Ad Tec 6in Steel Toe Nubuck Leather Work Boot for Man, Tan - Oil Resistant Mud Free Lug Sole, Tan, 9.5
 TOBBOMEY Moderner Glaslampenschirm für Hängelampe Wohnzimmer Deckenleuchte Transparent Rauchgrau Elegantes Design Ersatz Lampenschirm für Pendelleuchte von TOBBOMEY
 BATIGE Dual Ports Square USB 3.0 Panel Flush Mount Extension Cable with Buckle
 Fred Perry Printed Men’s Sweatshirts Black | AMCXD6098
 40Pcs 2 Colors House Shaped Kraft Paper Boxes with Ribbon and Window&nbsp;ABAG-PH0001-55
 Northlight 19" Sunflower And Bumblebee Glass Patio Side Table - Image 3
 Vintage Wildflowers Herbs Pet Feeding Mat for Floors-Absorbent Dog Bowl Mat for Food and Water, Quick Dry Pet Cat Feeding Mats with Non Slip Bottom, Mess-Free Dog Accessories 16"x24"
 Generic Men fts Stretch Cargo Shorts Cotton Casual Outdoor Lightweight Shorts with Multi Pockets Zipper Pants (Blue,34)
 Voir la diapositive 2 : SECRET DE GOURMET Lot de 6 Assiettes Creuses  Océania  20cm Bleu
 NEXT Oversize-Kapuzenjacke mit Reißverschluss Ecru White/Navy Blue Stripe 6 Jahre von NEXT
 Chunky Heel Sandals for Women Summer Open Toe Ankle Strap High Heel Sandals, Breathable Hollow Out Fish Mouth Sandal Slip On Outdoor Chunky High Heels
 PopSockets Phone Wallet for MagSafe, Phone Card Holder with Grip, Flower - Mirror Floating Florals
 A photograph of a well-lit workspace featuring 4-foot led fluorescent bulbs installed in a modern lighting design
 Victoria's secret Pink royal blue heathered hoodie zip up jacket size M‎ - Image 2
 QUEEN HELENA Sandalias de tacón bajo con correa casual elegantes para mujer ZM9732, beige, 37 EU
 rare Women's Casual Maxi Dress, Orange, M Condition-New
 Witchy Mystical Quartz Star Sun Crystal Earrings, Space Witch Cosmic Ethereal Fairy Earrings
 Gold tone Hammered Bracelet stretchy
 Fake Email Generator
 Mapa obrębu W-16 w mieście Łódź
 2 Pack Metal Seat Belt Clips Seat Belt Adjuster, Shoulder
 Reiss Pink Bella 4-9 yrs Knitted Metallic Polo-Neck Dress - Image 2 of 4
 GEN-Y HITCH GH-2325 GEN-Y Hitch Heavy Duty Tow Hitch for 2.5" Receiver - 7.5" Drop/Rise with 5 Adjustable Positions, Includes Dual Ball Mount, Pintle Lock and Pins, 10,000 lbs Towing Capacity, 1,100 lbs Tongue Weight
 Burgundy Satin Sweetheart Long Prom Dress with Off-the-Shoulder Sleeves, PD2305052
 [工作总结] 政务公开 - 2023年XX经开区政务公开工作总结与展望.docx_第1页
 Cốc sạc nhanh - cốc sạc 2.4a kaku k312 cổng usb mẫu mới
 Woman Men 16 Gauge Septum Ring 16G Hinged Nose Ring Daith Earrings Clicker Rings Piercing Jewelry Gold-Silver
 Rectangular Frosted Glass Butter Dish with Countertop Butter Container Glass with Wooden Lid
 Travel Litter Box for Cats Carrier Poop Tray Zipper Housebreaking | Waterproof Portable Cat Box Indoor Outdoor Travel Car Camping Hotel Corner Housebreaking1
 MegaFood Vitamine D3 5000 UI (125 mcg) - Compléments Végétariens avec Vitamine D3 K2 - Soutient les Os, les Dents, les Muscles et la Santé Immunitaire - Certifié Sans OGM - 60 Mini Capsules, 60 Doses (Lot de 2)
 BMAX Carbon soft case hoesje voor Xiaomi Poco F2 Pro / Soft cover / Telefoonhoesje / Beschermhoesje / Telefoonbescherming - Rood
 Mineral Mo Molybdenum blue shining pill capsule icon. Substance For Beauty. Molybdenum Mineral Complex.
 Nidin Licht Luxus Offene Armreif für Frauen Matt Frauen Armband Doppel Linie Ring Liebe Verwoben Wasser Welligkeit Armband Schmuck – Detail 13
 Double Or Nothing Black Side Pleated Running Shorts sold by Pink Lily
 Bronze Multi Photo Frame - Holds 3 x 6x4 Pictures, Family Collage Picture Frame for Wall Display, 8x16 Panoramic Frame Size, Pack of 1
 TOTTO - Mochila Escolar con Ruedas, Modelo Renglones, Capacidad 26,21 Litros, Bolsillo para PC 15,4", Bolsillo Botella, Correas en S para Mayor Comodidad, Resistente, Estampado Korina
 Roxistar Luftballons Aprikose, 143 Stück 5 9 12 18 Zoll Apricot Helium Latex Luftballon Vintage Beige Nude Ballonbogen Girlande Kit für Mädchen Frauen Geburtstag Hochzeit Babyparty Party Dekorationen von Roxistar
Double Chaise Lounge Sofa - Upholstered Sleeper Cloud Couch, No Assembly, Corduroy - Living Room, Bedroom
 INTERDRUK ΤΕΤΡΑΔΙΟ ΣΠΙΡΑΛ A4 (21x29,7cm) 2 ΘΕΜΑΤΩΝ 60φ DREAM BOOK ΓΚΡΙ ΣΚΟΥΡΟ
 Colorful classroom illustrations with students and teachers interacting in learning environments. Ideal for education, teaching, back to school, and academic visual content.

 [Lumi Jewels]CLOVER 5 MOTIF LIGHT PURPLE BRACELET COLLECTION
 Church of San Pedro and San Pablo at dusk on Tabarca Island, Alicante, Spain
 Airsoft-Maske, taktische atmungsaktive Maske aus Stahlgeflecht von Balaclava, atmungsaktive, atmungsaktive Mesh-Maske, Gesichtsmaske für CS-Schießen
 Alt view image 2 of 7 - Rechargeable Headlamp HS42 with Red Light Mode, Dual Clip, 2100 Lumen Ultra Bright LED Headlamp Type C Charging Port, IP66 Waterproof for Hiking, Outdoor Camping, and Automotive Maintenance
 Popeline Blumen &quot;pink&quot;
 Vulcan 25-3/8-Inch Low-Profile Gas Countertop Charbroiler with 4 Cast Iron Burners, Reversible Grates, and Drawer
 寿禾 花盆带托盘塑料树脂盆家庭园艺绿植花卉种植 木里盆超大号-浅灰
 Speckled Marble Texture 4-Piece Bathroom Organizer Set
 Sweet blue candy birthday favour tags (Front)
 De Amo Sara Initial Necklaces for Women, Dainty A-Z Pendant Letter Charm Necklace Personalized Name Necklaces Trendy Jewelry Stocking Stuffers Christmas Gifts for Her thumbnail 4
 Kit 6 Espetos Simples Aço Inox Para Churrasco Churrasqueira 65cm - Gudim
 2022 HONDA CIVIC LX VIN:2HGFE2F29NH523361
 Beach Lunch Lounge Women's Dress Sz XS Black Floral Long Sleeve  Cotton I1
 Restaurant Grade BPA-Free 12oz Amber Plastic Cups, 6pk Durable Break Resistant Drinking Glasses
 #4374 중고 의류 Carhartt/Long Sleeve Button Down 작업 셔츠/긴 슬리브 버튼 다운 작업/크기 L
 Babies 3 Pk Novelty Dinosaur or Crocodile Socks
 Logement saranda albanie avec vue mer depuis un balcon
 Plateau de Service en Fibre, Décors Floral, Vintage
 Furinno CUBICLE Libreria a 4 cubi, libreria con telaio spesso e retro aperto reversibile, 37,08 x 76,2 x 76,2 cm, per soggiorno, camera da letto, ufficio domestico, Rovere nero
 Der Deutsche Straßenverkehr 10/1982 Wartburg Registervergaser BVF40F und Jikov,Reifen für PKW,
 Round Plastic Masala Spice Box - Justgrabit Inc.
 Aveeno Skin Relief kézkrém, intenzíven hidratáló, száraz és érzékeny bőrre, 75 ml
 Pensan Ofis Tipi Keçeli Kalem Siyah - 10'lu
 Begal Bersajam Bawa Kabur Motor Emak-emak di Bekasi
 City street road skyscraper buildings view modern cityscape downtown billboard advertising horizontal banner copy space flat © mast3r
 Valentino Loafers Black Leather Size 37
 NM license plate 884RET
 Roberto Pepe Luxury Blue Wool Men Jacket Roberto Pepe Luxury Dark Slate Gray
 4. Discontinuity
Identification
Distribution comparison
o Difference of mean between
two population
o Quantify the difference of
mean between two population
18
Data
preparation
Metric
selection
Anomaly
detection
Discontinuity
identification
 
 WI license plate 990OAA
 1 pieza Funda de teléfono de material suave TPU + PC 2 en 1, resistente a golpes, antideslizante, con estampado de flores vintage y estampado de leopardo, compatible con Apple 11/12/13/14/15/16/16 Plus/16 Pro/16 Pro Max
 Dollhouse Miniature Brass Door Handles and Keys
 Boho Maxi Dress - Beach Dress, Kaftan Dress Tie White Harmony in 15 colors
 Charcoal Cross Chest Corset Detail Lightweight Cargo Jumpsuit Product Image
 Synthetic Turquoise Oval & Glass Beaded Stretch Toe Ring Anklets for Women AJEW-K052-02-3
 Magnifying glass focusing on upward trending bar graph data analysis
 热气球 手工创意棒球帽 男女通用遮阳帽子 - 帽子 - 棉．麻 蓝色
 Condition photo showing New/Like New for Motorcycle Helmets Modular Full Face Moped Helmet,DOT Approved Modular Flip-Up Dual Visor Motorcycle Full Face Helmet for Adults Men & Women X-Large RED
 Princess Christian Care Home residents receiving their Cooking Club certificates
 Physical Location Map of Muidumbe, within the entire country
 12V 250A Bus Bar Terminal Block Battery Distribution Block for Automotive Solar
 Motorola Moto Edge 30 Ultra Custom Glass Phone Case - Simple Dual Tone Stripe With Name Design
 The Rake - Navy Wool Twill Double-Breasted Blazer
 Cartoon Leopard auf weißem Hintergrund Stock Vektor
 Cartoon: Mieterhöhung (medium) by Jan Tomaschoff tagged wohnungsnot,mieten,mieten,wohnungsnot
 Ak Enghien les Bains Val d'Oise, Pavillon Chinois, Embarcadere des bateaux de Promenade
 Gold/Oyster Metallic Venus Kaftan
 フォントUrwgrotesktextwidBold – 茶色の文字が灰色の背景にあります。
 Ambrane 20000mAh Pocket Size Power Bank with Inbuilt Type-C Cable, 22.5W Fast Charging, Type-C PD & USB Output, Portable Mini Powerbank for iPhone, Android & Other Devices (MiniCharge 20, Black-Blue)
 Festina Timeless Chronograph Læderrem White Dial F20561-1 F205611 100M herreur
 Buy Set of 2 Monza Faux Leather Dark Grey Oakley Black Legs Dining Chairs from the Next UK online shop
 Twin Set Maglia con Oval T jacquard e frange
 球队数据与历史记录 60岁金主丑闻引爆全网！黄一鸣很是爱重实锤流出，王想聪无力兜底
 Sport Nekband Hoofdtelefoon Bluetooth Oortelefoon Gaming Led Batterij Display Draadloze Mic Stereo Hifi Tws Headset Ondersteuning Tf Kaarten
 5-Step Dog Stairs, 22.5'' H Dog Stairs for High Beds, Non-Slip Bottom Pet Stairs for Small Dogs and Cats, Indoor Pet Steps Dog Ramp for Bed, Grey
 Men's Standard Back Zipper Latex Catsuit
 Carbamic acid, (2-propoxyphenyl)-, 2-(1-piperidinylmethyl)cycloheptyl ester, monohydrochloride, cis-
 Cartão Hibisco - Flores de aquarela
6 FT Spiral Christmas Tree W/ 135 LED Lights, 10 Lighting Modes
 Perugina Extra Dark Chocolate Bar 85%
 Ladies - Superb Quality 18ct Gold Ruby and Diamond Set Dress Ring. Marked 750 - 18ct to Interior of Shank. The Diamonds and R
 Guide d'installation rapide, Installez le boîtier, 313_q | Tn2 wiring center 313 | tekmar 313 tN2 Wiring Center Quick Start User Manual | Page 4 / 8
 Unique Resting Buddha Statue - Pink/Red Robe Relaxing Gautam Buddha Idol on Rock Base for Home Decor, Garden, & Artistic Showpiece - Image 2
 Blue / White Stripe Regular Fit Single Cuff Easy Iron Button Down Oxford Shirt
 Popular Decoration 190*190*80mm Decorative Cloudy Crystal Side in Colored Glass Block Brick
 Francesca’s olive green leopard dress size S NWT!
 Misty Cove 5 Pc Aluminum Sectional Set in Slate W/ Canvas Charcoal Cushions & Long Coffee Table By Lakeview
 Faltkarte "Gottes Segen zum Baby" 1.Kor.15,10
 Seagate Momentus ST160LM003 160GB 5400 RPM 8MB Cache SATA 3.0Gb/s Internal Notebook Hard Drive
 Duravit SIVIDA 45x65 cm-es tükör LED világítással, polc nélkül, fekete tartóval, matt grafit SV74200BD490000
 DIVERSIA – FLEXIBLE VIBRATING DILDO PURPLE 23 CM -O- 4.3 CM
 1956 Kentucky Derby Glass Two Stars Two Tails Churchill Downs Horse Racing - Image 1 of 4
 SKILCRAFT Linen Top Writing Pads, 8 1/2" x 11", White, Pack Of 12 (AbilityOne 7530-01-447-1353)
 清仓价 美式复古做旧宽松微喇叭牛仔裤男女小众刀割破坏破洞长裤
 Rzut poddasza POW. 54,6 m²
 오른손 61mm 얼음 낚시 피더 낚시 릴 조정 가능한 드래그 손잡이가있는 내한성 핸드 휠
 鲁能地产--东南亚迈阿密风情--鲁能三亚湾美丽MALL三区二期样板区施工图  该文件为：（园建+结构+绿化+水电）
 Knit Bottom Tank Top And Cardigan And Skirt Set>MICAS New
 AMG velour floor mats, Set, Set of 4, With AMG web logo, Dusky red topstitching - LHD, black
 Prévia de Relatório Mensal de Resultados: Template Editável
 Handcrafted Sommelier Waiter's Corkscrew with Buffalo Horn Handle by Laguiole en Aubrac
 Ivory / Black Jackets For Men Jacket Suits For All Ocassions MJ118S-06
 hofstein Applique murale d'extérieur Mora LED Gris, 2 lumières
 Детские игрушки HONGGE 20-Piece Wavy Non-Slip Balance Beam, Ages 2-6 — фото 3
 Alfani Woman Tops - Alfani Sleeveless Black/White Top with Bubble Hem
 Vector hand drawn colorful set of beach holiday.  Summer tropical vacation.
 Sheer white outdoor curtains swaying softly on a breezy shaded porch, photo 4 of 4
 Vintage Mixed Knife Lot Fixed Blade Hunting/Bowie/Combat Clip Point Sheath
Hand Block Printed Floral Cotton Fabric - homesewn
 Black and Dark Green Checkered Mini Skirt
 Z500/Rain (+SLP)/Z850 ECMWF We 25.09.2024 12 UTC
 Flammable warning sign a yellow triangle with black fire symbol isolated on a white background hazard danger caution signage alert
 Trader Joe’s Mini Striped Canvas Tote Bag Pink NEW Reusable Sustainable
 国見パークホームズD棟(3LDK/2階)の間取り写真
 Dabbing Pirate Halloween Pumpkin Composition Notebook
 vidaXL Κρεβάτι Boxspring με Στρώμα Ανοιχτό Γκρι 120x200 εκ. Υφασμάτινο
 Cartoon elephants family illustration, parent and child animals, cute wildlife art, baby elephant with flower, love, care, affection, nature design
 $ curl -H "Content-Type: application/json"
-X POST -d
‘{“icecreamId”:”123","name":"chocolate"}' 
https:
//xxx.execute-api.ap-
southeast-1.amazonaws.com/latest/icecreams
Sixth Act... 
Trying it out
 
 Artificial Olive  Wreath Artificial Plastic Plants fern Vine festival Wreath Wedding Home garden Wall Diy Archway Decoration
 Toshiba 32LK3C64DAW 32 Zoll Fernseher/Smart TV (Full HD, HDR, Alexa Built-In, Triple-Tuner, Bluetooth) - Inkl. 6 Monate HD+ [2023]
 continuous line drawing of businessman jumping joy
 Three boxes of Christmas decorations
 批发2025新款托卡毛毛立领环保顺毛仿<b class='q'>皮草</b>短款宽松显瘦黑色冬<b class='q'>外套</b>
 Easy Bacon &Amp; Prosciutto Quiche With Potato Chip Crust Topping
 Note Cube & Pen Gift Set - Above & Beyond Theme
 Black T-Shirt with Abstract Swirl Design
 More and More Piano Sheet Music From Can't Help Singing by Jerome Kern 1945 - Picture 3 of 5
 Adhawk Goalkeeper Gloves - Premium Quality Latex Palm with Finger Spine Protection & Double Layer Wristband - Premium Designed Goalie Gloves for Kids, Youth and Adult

========

*WORK INSTRUCTIONS:* Above are the records. Print exactly, and only, the lines from the line with "Cốc sạc nhanh" to the line with "Bronze Multi Photo", both inclusive.

*WORKED SOLUTION:*
 Cốc sạc nhanh - cốc sạc 2.4a kaku k312 cổng usb mẫu mới
 Woman Men 16 Gauge Septum Ring 16G Hinged Nose Ring Daith Earrings Clicker Rings Piercing Jewelry Gold-Silver
 Rectangular Frosted Glass Butter Dish with Countertop Butter Container Glass with Wooden Lid
 Travel Litter Box for Cats Carrier Poop Tray Zipper Housebreaking | Waterproof Portable Cat Box Indoor Outdoor Travel Car Camping Hotel Corner Housebreaking1
 MegaFood Vitamine D3 5000 UI (125 mcg) - Compléments Végétariens avec Vitamine D3 K2 - Soutient les Os, les Dents, les Muscles et la Santé Immunitaire - Certifié Sans OGM - 60 Mini Capsules, 60 Doses (Lot de 2)
 BMAX Carbon soft case hoesje voor Xiaomi Poco F2 Pro / Soft cover / Telefoonhoesje / Beschermhoesje / Telefoonbescherming - Rood
 Mineral Mo Molybdenum blue shining pill capsule icon. Substance For Beauty. Molybdenum Mineral Complex.
 Nidin Licht Luxus Offene Armreif für Frauen Matt Frauen Armband Doppel Linie Ring Liebe Verwoben Wasser Welligkeit Armband Schmuck – Detail 13
 Double Or Nothing Black Side Pleated Running Shorts sold by Pink Lily
 Bronze Multi Photo Frame - Holds 3 x 6x4 Pictures, Family Collage Picture Frame for Wall Display, 8x16 Panoramic Frame Size, Pack of 1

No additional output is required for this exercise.